What you need to do —
Go through the material below, tally each line containing "blue", and write the tally alone.

### Material to process

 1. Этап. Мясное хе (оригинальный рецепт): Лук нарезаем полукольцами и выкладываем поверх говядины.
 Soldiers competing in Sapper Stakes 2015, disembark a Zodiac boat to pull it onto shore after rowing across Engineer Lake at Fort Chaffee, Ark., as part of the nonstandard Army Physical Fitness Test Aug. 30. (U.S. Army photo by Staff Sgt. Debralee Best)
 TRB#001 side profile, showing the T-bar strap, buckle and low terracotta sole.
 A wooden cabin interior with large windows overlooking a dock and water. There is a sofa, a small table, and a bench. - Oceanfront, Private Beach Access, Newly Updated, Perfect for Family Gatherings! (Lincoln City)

######
### Material to process

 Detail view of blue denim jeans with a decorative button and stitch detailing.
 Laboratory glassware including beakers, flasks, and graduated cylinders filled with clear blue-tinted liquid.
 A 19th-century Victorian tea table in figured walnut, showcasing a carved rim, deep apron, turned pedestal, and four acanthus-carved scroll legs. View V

######
### Material to process

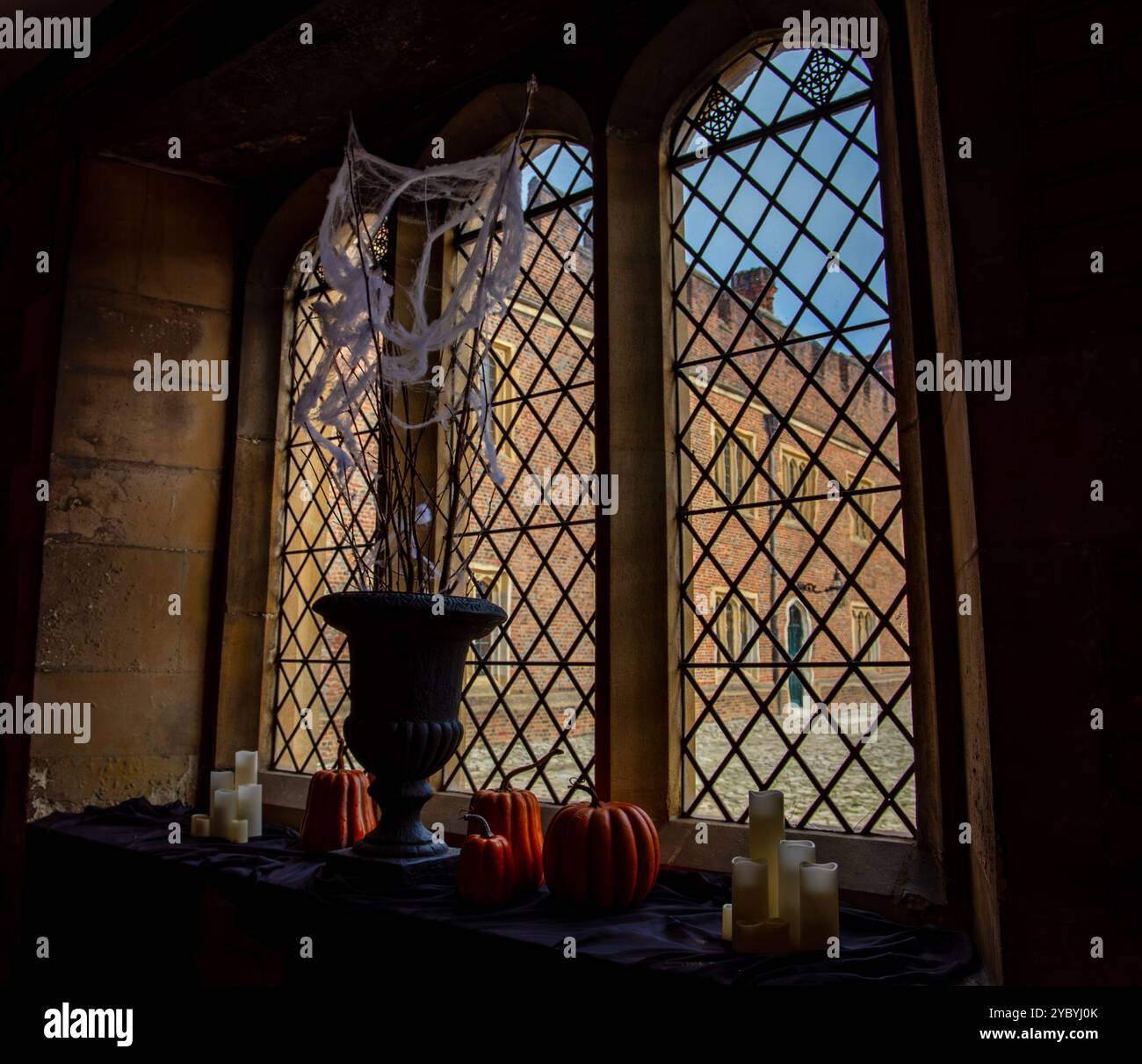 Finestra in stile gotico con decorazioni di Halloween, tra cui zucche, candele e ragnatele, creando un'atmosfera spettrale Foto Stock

######

Expected output —
2